The progressive view, by contrast, is that companies will not invest so long as the outlook for profits is bleak and the outlook for profits is bleak if there is insufficient aggregate demand. Why invest in more capacity to produce if consumers aren’t buying what you’re already turning out? And why aren’t they buying? Because wages and salaries are contracting. In brief, profit falls because of lack of demand, which sets off a recession or (sometimes) a depression.
Our textbook reports both sides of the argument in full, but we present the progressive argument as more persuasive. What is necessary is to stimulate the economy, change institutions to provide more equality — through more progressive taxation, a higher minimum wage and support for unions, for example — and also change institutions to provide more stability in the economy: by making major government investments in infrastructure, say, and generally providing greater job security.
More concretely, we argue that some sectors of the economy are especially crucial to maintaining both economic equality and employment stability.

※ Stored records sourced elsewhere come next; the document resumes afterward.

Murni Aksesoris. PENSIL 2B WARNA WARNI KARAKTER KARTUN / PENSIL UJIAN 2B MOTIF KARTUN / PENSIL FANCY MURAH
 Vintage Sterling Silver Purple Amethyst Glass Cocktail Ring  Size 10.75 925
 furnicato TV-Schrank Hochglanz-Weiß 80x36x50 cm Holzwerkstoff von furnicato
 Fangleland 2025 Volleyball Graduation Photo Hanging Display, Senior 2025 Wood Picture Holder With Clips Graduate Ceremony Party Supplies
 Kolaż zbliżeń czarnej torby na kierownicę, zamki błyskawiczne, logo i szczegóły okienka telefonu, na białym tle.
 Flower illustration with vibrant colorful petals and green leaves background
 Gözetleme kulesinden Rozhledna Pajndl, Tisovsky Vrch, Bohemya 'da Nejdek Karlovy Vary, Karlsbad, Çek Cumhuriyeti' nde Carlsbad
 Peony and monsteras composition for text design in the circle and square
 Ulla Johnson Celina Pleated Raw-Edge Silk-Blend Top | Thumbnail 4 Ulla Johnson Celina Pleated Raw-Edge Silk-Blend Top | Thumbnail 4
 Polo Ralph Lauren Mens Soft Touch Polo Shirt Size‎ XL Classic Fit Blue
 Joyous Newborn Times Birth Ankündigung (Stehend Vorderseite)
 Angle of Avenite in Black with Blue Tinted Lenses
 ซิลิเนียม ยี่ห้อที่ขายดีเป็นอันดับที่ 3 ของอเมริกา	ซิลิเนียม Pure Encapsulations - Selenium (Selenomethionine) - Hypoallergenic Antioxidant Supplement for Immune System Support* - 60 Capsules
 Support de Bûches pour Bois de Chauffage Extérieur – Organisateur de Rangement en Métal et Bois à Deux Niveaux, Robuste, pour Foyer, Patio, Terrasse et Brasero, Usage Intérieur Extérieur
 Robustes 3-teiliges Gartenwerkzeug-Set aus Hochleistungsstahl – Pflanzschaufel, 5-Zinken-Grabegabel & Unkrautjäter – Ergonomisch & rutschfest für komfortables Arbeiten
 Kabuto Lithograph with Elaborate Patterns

These are sectors neglected by private enterprise or ones in which businesses make unnecessarily high profits that reduce equality without compensating benefits to the rest of us. The clearest example is health care, which provides no better care than other industrialized countries, but costs at least twice as much per person. What is needed is universal public health care at low cost, which will, for example, create more jobs in elder care like home nursing.
A second area that demands extensive public investment to create jobs, as the March on Washington urged a half century ago, is higher education. Why not free education at public universities, paid for by higher taxes on the increasingly well-off? Education investment has the highest return to the public of any sector. If education is free to students and paid for by progressive taxation, it will shift income from rich corporations and individuals to people who will, eventually, have more skills to sell in the global economy, again increasing employment, spending and aggregate demand.
A third area, of which some conservatives deny the very existence, is global heating caused by fossil fuel-driven production. Public money invested in research and the production of clean energy would propel the green energy industry to create jobs that don’t require advanced degrees.
Fourth, at least a trillion dollars is required to make American roads and bridges safe. Everyone knows it. And yet in Texas, conservative politicians, operating on conservative textbook theories, have begun to change paved roads into gravel roads to save maintenance money. Meanwhile, it is a simple fact of engineering that potholes will inevitably cost more to fix the longer they go unattended. Yet potholes remain unfilled all over this land.
Last but not least, subsidies should be given to states to restore jobs to their peak level of employment.
Conservative economics books either attack all of the above or don’t even present them, even though they seem obvious ways to reduce the problems of inequality and inadequate employment.
As we remember Martin Luther King Jr. and the March on Washington, let us remember that there’s nothing especially radical about any of this. King, Randolph and Rustin recommended virtually the identical program back in the 1960s.